The doctors believe the angular gyrus plays an important role in matching up visual information and the brain’s touch and balance representation of the body. When the two become dissociated, an out-of-body-experience may result. Writing in the journal Nature, the Swiss team said out-of-body experiences tended to be short-lived, and to disappear when a person attempts to inspect the illusory body or body part. Professor Blanke believes that out-of-body sensations may be caused by an overactive angular gyrus. Alternatively, the electrical stimulation might actually have depressed activity in the area.

He said it was impossible to rule out possibility that other areas of the brain were also involved. He said there was no evidence to suggest that out-of-body experiences were linked to epilepsy. He states, “OBEs have been reported in neurological patients with epilepsy, migraine and after cerebral strokes, but they also appear in healthy subjects. Awareness of a biological basis of OBEs might allow some patients who suffer frequently from OBEs to talk about them more openly. In addition, physicians might take the phenomenon more seriously and carry out necessary investigations such as an EEG, MRI, and neurological examinations.”

However, researchers say that brain-mapping results do not entirely explain these strange reports – nor do reductionist arguments fully explain them. Neurologist Dr. Bruce Greyson of the University of Virginia said the experiment does not necessarily prove that all OBEs are illusions. He said it is possible that some OBEs occur in different ways than the scientists suspect. “We cannot assume from the fact that electrical stimulation of the brain can induce OBE-like illusions that all OBEs are therefore illusions,” replied University of Virginia neurologist Dr. Bruce Greyson.

Dr. Blanke concedes, “We do not fully understand the neurological mechanism that causes OBEs.”

The Swiss researchers mapped the brain activity of a 43-year old woman who had been experiencing seizures for 11 years. They implanted electrodes to stimulate portions of her brain’s right temporal lobe. The temporal lobe, which includes the angular gyrus structure, is associated with perception of sound, touch, memory and speech. Dr.
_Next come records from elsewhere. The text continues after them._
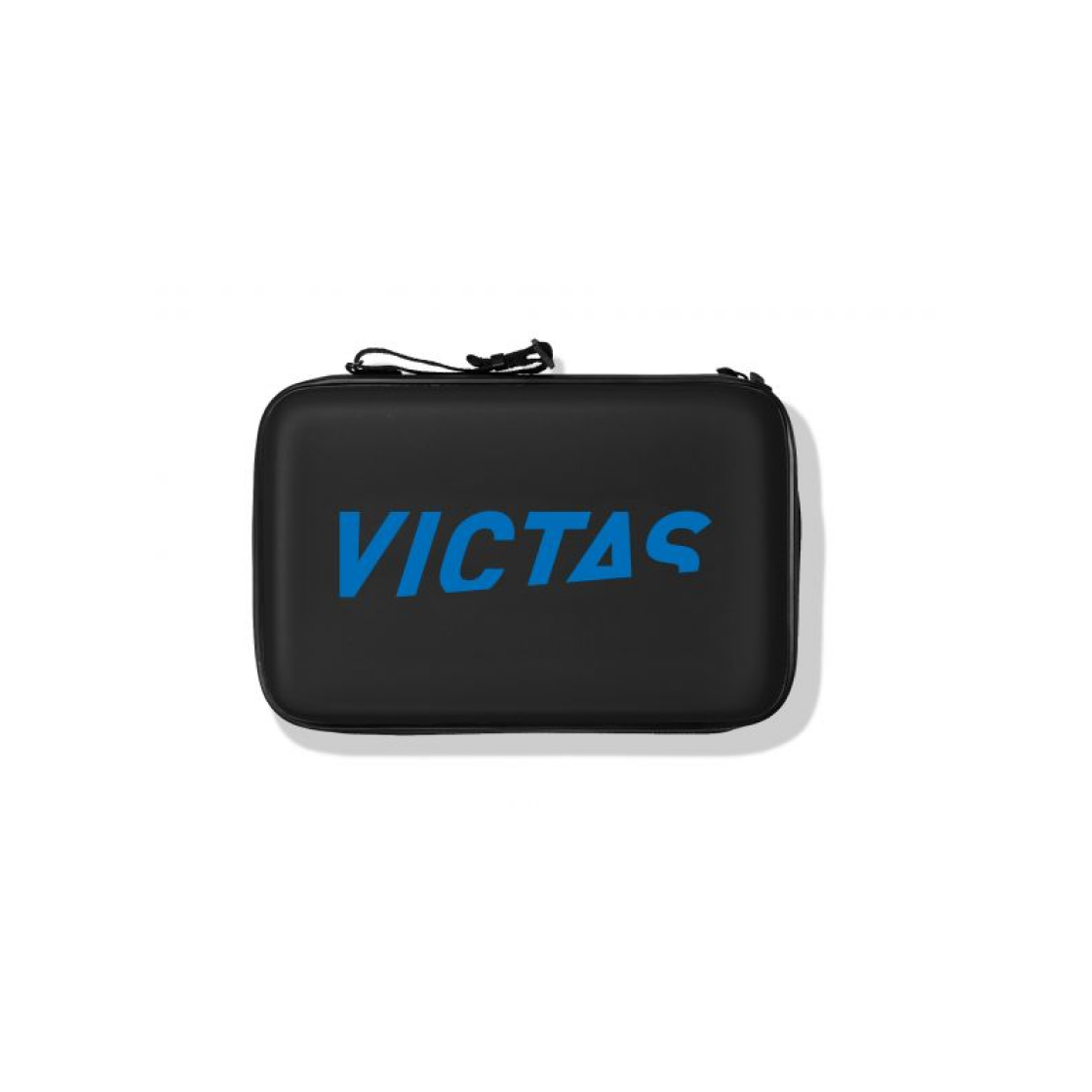 Victas V-Case 426 Svart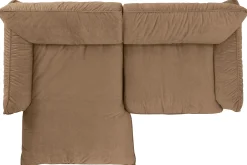 Loungebank Keizer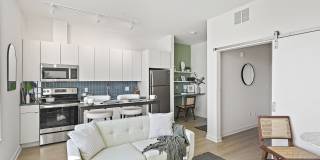 HOHM Apartments Gallery 1
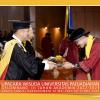 WISUDA UNPAD GEL III TA 2022-2023 FAK PETERNAKAN OLEH DEKAN    (45)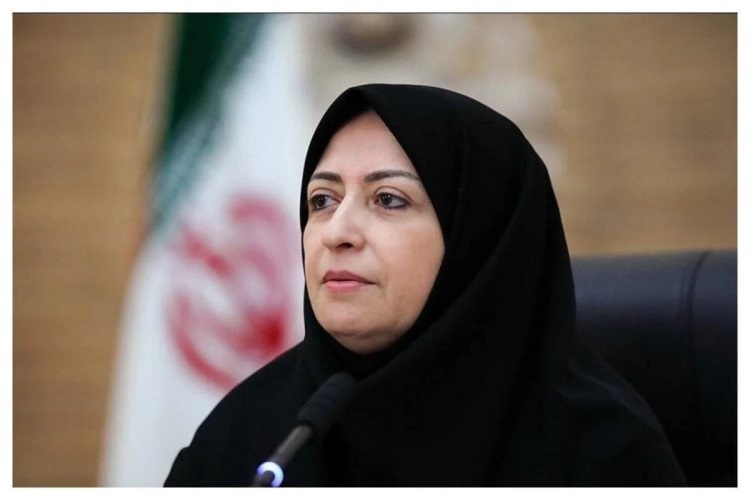 سفر جدید رئیس محیط زیست به خوزستان؛ تأکید بر تأمین اعتبارات پروژه‌های نجات کارون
Blanke suspects that the right angular gyrus integrates signals from the visual system, as well as information on touch and balance.

Millions of people have reported OBEs, but relatively few have been clinically analyzed.

In 2001, the British medical journal Lancet published a Dutch study in which 344 cardiac patients were resuscitated from clinical death. About 12 percent reported out-of-body experiences, seeing light at the end of a tunnel, and speaking to dead relatives.